- To let one team tweak the incident types they care about, you have to hand them a global permission that also lets them change everyone else’s.
- Anyone with the permission can change any incident type, including making a sensitive team’s incidents public, or removing the teams that automatically get visibility of them.
Before you start
You’ll need:- Teams set up in the catalog, with the right people as members. See Getting started with teams.
- An admin to do the initial setup. Assigning an owning team to an incident type or lifecycle requires the Manage incident types permission granted globally, so the first pass needs to be done by an admin.
Step 1: Give your incident types an owning team
Head to Settings → Incident Types and edit a type. In the Incident type owner field, choose the team (or teams) that should own it.
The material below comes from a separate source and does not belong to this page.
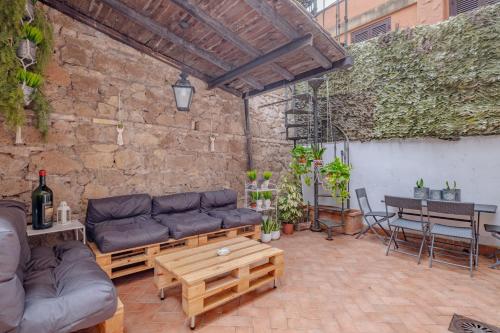 Vatican Garden Home 5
Once a type has an owning team, the people who can edit, delete, or override its forms are restricted to:- Anyone with the Manage incident types permission granted globally (such as an admin)
- Members of an owning team who have the permission granted to that team
Your default lifecycle can’t be owned by a team: it applies to every incident across your organization and changes to it always require the global permission.
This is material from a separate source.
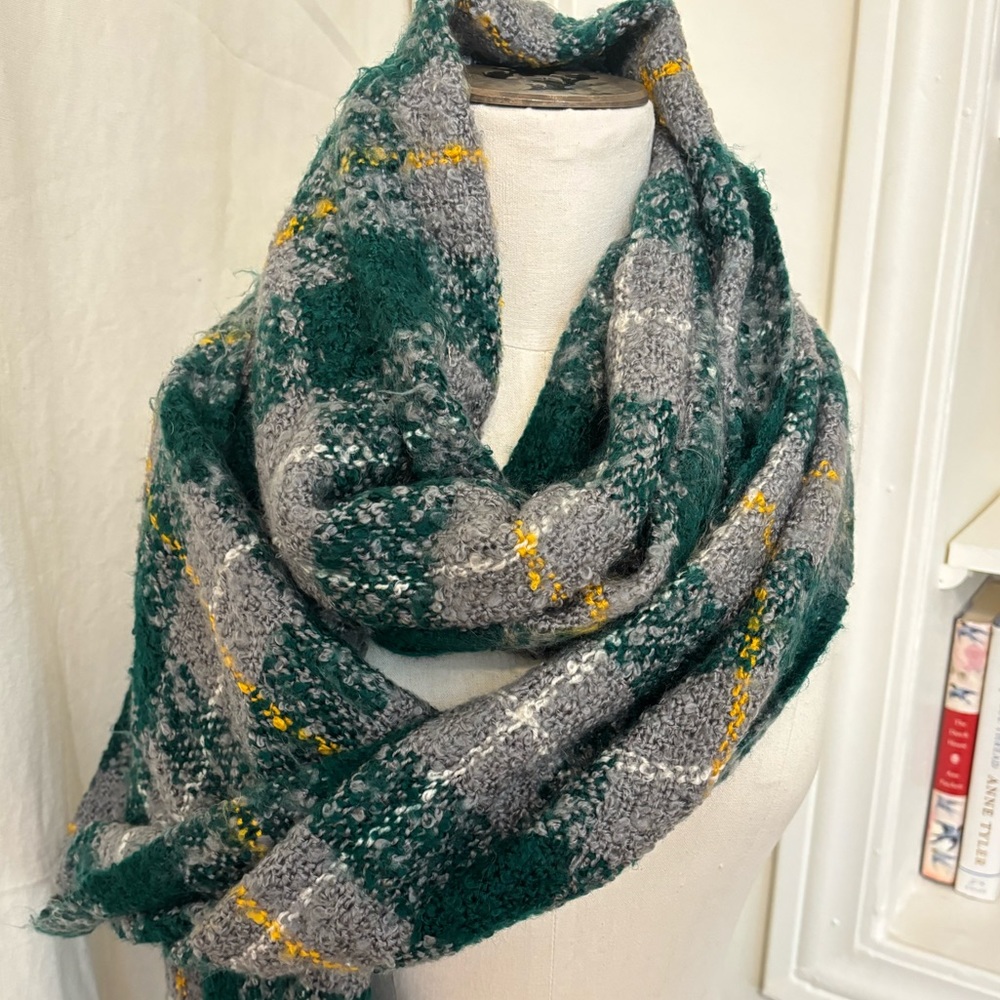 BDG Scarf - Picture 5 of 5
Step 2: Create a team role with the permission
Go to Settings → Permissions, and on the Team-level tab create a team role (or edit an existing one), selecting Manage incident types. To let the same team manage their lifecycles, add Manage incident lifecycles too. Assign this role to the members of each team who should be able to manage their own incident types. You can control who has which role from the Members tab of the team’s page. See Team roles for more on how this works.Step 3: Confirm it’s working
Someone outside an owning team will see the edit, create, and delete buttons disabled, with a tooltip explaining they don’t have permission for that incident type or lifecycle. Members of the owning team, and anyone who holds the permission globally, can manage it as normal.FAQs
Who can change which teams own an incident type?
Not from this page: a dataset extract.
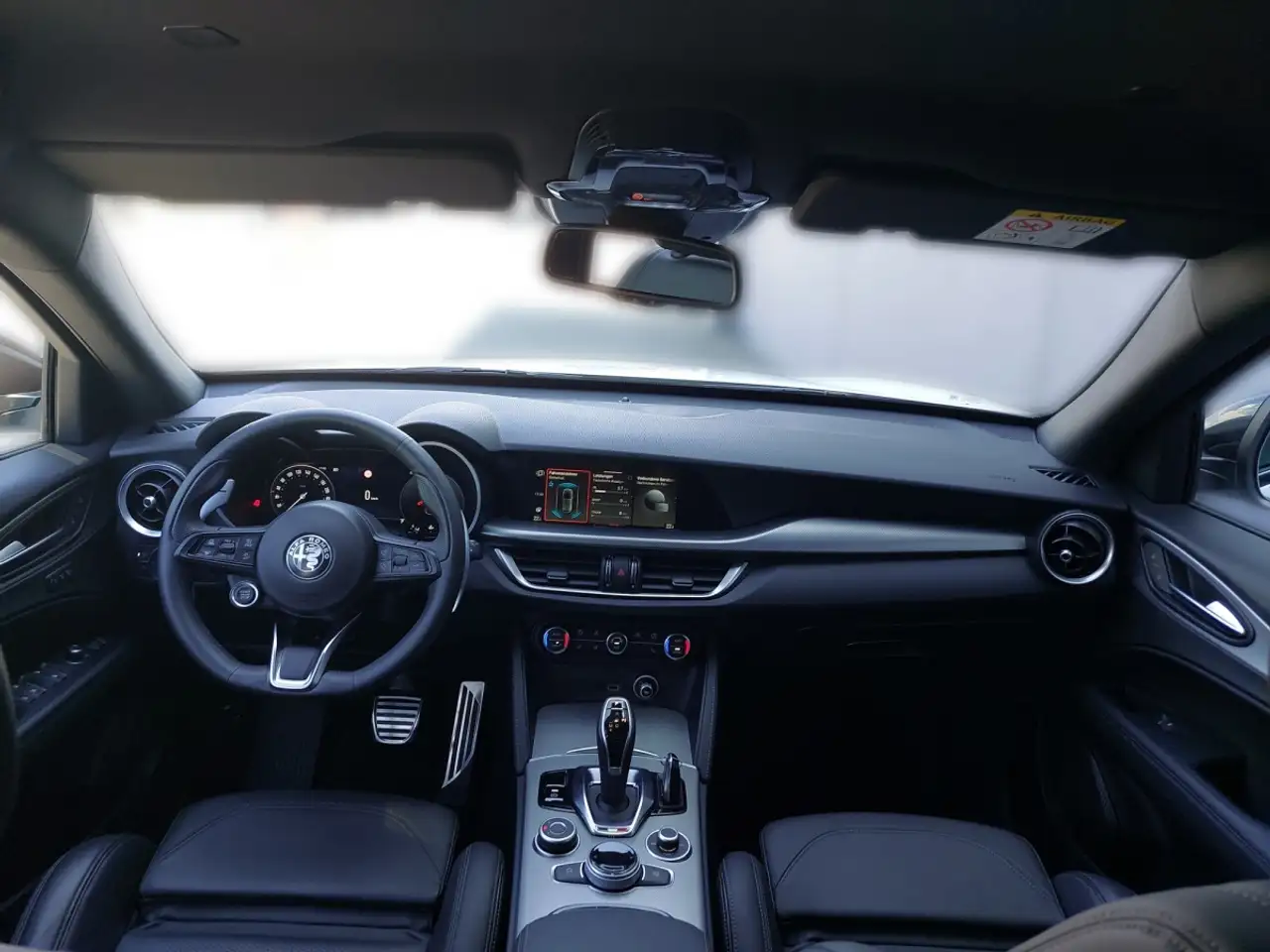 Alfa Romeo Stelvio 2025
Who can change which teams own an incident type?
Reassigning ownership always requires the Manage incident types permission granted globally. A team can manage
the configuration of a type they own, but they can’t hand it to another team or remove their own team from it. This
stops a team from quietly giving away (or locking others out of) a shared type.
What happens to incident types with no owning team?
What happens to incident types with no owning team?
Nothing changes for them. They can only be managed by people who hold the Manage incident types permission
globally, which is the same as how every incident type behaves today.
Can a type be owned by more than one team?
Can a type be owned by more than one team?
Yes. You can assign multiple owning teams, and a member of any one of them (with the permission granted to that
team) can manage the type.
What about incident forms?
What about incident forms?
Form overrides for a team-owned incident type follow that type’s owning teams, so only the owning team can override
or edit them. Org-wide forms that aren’t tied to a specific type still require the Manage incident types
permission granted globally. See Incident forms.
Can admins still manage every incident type and lifecycle?
Can admins still manage every incident type and lifecycle?
Yes. Anyone who holds the permission globally can manage any incident type or lifecycle, regardless of which team
owns it. This allows a small set of administrators to step in across teams.